I am tuning my Elasticsearch which consists of 3 dedicated servers:
2 Octocore Processors (16 Cores), with HT (32 threads)
32 GB RAM (DDR3)
We are running the latest beta2. We have allocated 16 GB to Elasticsearch.
We have only 1 index with 32 shards and 1 replica each, making it 64 shards in the cluster.
We have a lot of updates queries. In fact, we have only update queries with upserts. We are using routing to put similar data in the same shard. We see the rate of update queries ranging between 20/sec to 60/sec. This is going to increase to about 130-140/sec when we go live. Our queries are mostly filtered queries with a lot of use of term faceting.
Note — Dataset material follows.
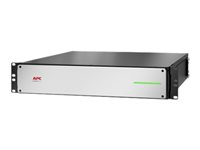 APC - Externt batteripaket (kan monteras i rack) - DC - litiumjon - 50 Ah - 2U - svart med främre avfasning i silver - TAA-kompatibel XBP48RM2U-LI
I have allocated 40% memory to index_buffer_size (this was very random), which comes out to be around 6.4 GB. Average document size is 900 Bytes.
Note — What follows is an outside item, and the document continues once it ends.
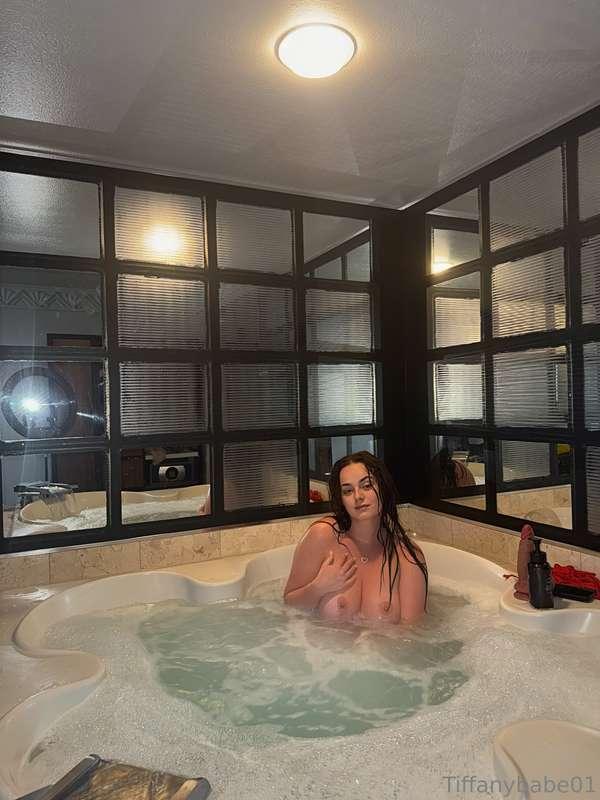 In the tub. Srubba dub dub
I have a feeling that the allocated buffer size is going waste as our indexing/updating/upserting rates are not so high. If my reasoning is correct, with 60 upserts/sec of docs that are of average size 1 KB, index_buffer_size 60 x 1 KB x 32 (shards) x 3 (keeping room for 3 times traffic) = 5760 KB (approx. 5 MB) should be more than enough. And by allocating 40% of the JVM, I am wasting the heap which I could probably use for Filter Cache and Field Data Cache.
Now I have the following questions:
Are my calculations correct?
Is there something else that I need to consider?
If the index_buffer_size is under utilized, will Elasticsearch be able to use a portion of it for something else when required?
Looking forward to some valuable feedback. Will be happy to share more details if required.